In Hyderabad the other day, I got a risk-free opportunity to see Amir Kahn’s ‘Dangal’ in a neighbouring single screen cinema that went through a makeover recently, the owners turning a C-grade arena of porn offerings [early morning shows included] into a respectable theatre. It was the New Year’s Day and the throngs were milling. The driving and parking culture in Hyderabad can get scary – the zealous bike riders seemed to plough right through the crowds all the way to the ticket counter. I had a prior booking of course and was happy to learn that I do not need to have my sms converted into paper ticket.

When in Hyderabad you cannot be spared the ads from sari and jewelry showrooms that look like aeroplane hangars. Preceding ‘Dangal’, one was thus served a feast of Telugu beauty and the thin-voiced croonings that go with it. Just before the film started I was struck by a sense of trepidation. I am not quite a fan of Amir Khan films as I find them too idealistic about values I do not particularly care for and I find his brand of idealism a bit too simplistic and slogan ridden, at times just a substitute for good storytelling. I thus wondered beforehand if Amir is going to offer a straight muscular path to women’s liberation through wrestling. It turns out ‘Dangal’ did not disappoint as the film went past without a flicker of boredom. I blinked many times of course at the overly patriotic rhetoric of getting ‘medal for the country’. But I was reminded of the tough times stars like Amir and Shahrukh have been through in what may be a synoptic but painful phase of Hindutva. Being trolled and teased with full official approval and encouragement, they perhaps need to overcompensate and over-amplify their patriotism.
Fatima Sheikh, who plays Babita Phogat 

‘Dangal’ seemed to do full justice to the ambivalence of emotions that are integral to flesh and blood human beings. The little girls whom Amir the father wants to turn into hulky dynamos as national wrestling champions do their own ‘dangal’ [contest] with the father through acts of noncooperation. At the initial stages of their training before making their father’s cause their own, they try a series of cute tricks to defeat the somber disciplinarian idealist Amir.  Amir as the father and the guru shows ambivalence too, shifting between the infinite tenderness a father feels for little daughters to the hoarse toughness of a merciless guru. An interesting aspect of the entire tale is the half-hidden contest between the modern technocratic regimen of professional wrestling and the entirely intuitive style of the old school wrestling. Amir the father wins his own little dangal in convincing his daughters that the standard techniques fashioned by the professional coach at the sports academy are inferior to his own earthy style.
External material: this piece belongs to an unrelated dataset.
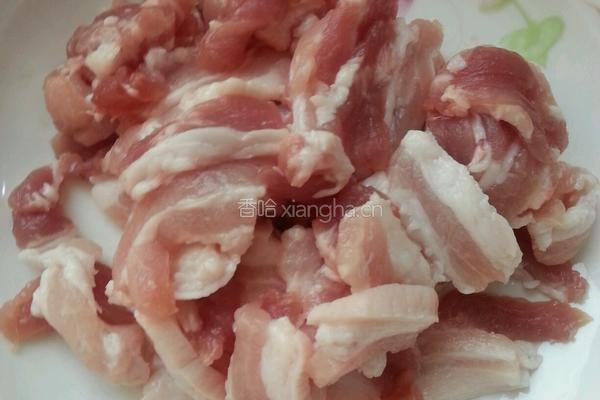 五花肉豆豉炒青椒的做法图解1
As is well-known now, the film is based on the real life of Mahavir Phogat who coached his daughters in wrestling and brought fame to the family, the village, the state and the community through a series of medals at a number of international tourneys. The remarkable thing about the real man was his determination to stand against the Haryanvi/Jat society to make his dream come true, a dream his daughters shared and accomplished in real life, and well, now on the screen. Anyone familiar with the haryanvi culture will know what kind of excessive and even reckless courage you need to raise women wrestlers in the family. 
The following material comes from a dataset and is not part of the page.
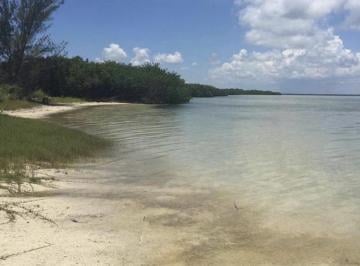Terreno / Lote · 4642m² · Terreno en Venta en Isla Blanca, Punta Cocos, Cancún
Okay, I wish I had something to whine about at the end just to prove that my critical faculties were alive and kicking. But no, apart from the excessively patriotic rhetoric I have no crib to offer. But wait as I wind up, the music was downright bad and improperly punctuated even. These days you often get ‘sufiyana’ howlings in Hindi movies that are meant to enhance your emotional intensity and I look at them more or less as avoidable emotive steroids when the music is not good. One last word before departing – it was good to see Amir offer some spontaneous acting for once instead of the strained one I am accustomed to, but that has of course only been my very personal grouse and bias over the years!  You may differ.